## Task statement
Would you reproduce the data below exactly, please, leaving out its images?

━━━ Dataset excerpt ━━━

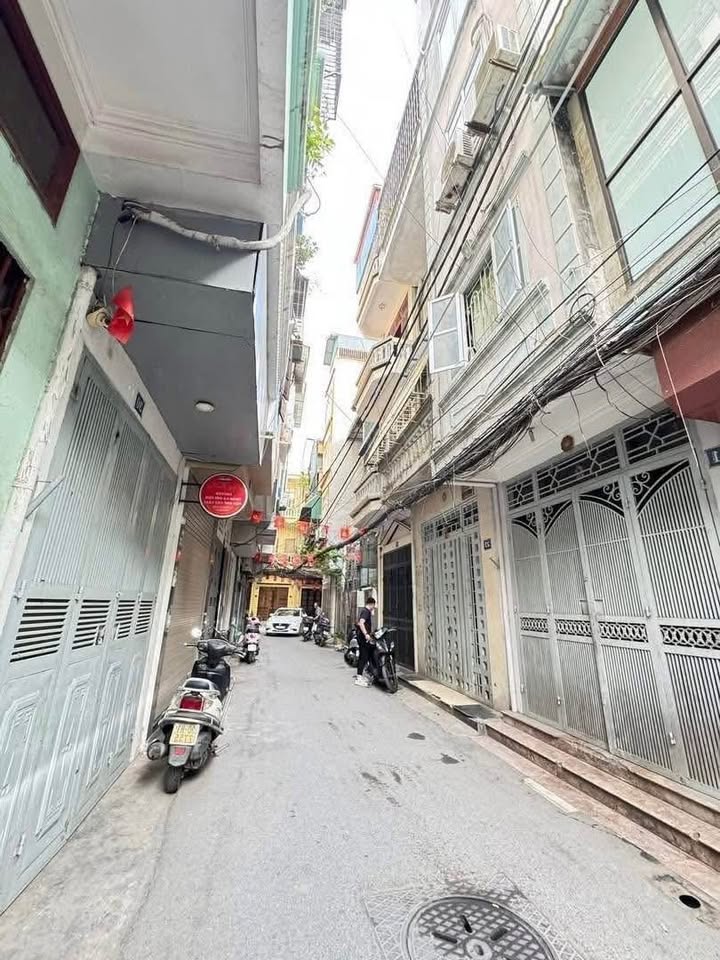 Nhà riêng Nghĩa Dũng Ba Đình 48m² giá 9.3 tỷ - Kinh doanh đỉnh cao!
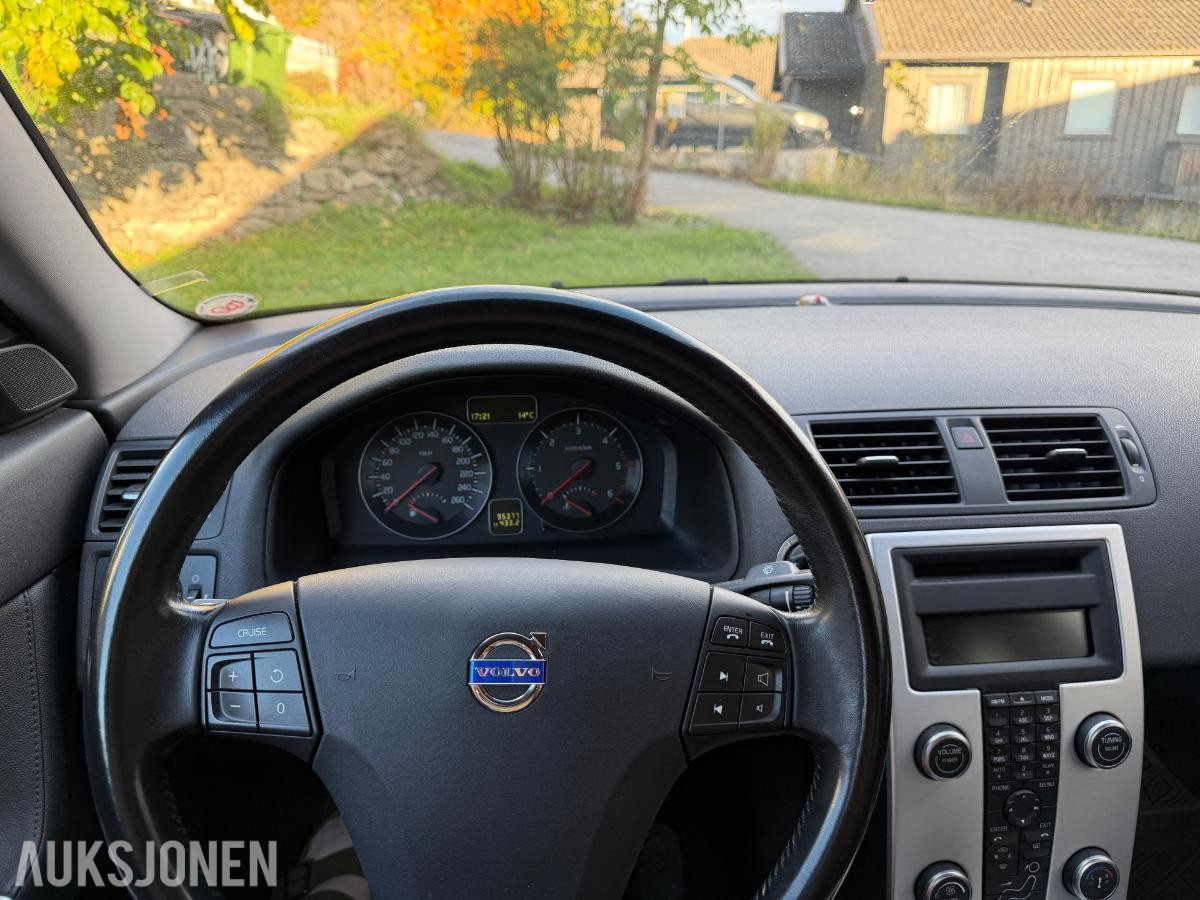 2011 Volvo S40 1.6 DIESEL 114HK CRUISEKONTROLL KUPEVARMER LAV KM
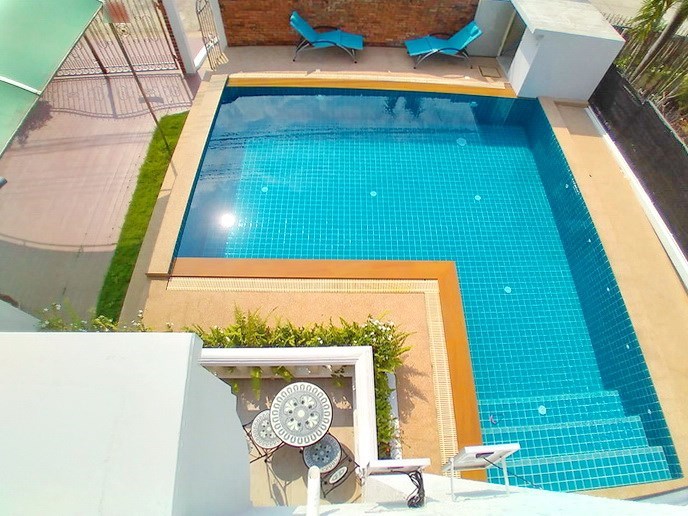 House for rent Jomtien showing the master bedroom balcony view House for rent Jomtien showing the master bedroom balcony view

━━━

## Expected answer
 Nhà riêng Nghĩa Dũng Ba Đình 48m² giá 9.3 tỷ - Kinh doanh đỉnh cao!
 2011 Volvo S40 1.6 DIESEL 114HK CRUISEKONTROLL KUPEVARMER LAV KM
 House for rent Jomtien showing the master bedroom balcony view House for rent Jomtien showing the master bedroom balcony view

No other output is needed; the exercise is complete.